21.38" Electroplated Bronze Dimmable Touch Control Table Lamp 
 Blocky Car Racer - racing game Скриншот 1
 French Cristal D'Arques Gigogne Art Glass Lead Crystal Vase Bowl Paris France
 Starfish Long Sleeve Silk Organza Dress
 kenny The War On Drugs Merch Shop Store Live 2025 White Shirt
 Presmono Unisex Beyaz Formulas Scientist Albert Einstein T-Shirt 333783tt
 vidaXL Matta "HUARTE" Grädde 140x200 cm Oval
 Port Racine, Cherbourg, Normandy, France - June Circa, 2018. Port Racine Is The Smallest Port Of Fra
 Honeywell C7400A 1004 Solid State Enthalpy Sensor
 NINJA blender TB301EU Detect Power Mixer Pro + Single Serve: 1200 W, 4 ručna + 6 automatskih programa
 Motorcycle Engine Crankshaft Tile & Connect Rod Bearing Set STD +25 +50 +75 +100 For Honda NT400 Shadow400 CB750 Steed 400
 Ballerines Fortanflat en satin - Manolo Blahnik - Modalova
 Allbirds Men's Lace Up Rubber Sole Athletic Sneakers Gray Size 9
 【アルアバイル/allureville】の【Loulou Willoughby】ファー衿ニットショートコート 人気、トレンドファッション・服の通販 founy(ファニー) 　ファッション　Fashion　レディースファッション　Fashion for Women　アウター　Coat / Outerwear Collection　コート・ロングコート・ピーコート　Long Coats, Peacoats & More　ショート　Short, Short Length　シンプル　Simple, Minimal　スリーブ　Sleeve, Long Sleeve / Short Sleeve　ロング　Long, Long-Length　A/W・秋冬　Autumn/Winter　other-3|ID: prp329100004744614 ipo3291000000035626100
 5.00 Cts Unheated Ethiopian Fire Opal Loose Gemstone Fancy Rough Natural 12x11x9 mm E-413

■ **ACTIVITY**
Each line that holds the word "France" should be extracted from the records.

■ **OUTPUT BELOW**
 French Cristal D'Arques Gigogne Art Glass Lead Crystal Vase Bowl Paris France
 Port Racine, Cherbourg, Normandy, France - June Circa, 2018. Port Racine Is The Smallest Port Of Fra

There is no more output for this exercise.